Task brief
Collect every line below that contains the word "logo".

Source information
= = = =
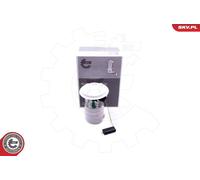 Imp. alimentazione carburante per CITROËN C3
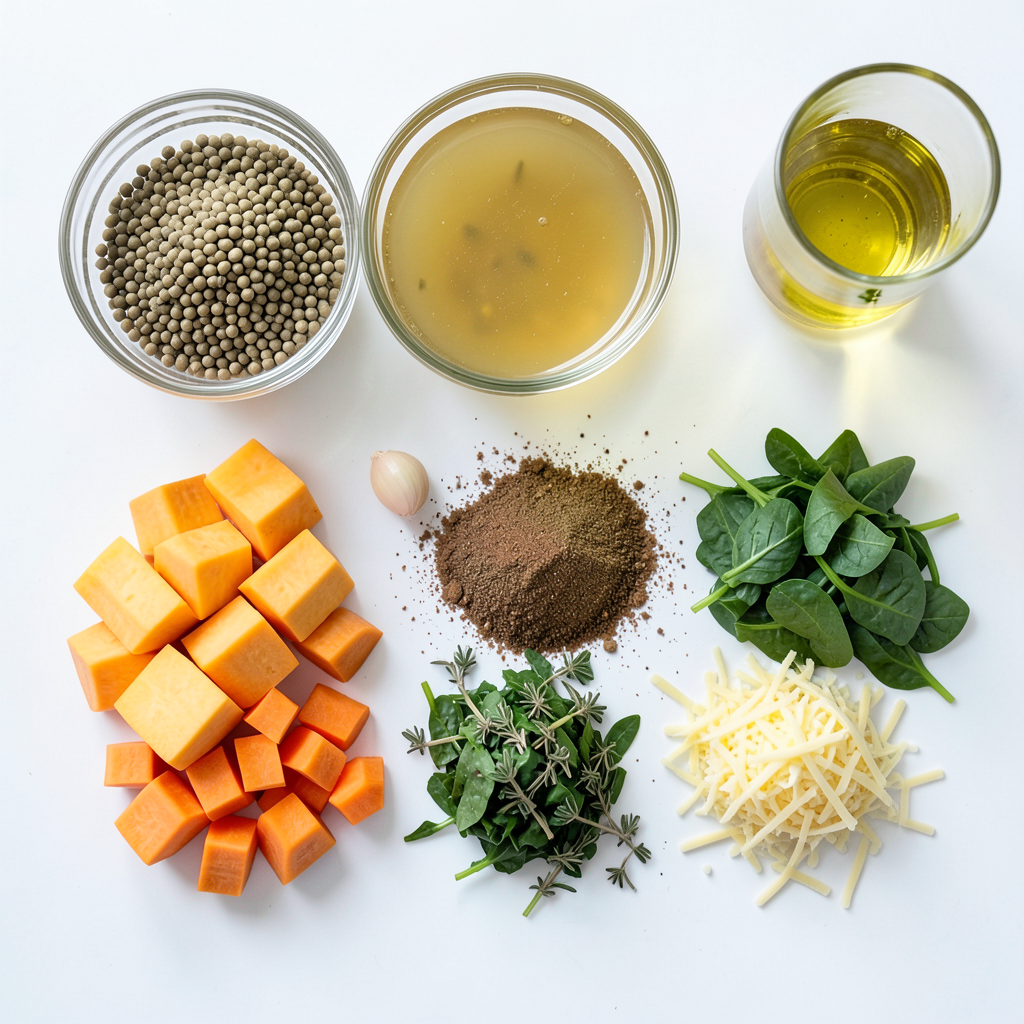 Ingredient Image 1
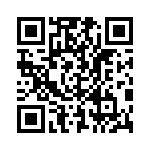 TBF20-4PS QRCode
= = = =
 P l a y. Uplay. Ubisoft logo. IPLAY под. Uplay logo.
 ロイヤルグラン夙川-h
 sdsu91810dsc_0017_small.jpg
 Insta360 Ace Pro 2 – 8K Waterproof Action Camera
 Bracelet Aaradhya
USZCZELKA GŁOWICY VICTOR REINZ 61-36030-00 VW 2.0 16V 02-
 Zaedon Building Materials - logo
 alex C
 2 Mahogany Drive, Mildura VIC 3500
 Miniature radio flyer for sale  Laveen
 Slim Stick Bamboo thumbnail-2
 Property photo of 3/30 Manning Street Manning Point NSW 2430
= = = =
Response
 P l a y. Uplay. Ubisoft logo. IPLAY под. Uplay logo.
 Zaedon Building Materials - logo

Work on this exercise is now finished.